--- WHAT YOU WILL DO ---
Skip every picture, then write out exactly the lines of the listing below from the line that contains "image:imageKEEN Womens Elle" through the final line.

--- DATA ---
:::
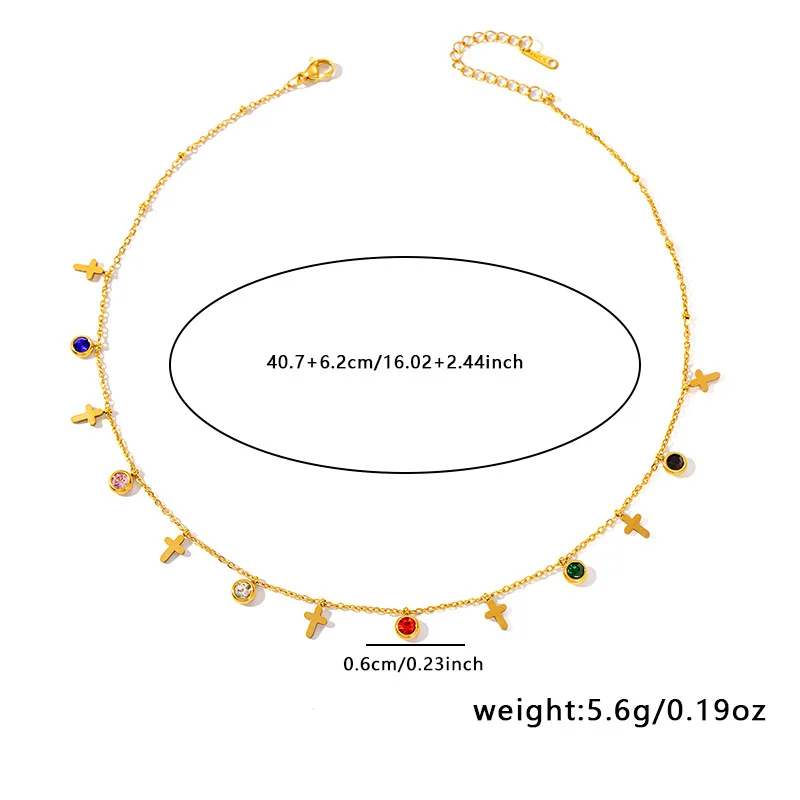 Bohemia Titanium Stainless Steel Moon Star Choker Necklace for Women Girls Original Design Link Chain Necklace 7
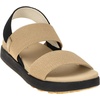 image:imageKEEN Womens Elle Backstrap Casual Platform Open Toe Wedge SandalsCornstalkBlack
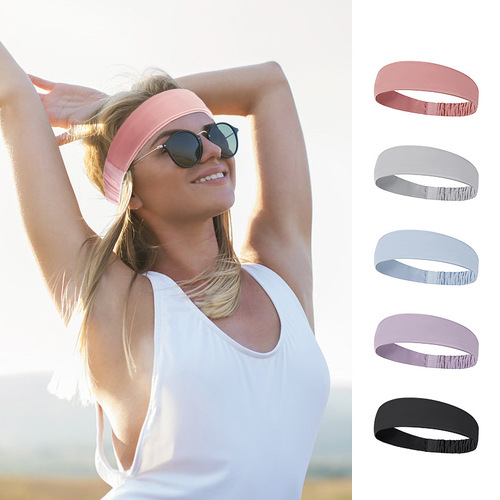 Spring and Summer Sports Headband Sweatband Running Fitness Yoga Forehead Scarf Headband for Men and Women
:::
--- SOLUTION TO THIS TASK ---
 image:imageKEEN Womens Elle Backstrap Casual Platform Open Toe Wedge SandalsCornstalkBlack
 Spring and Summer Sports Headband Sweatband Running Fitness Yoga Forehead Scarf Headband for Men and Women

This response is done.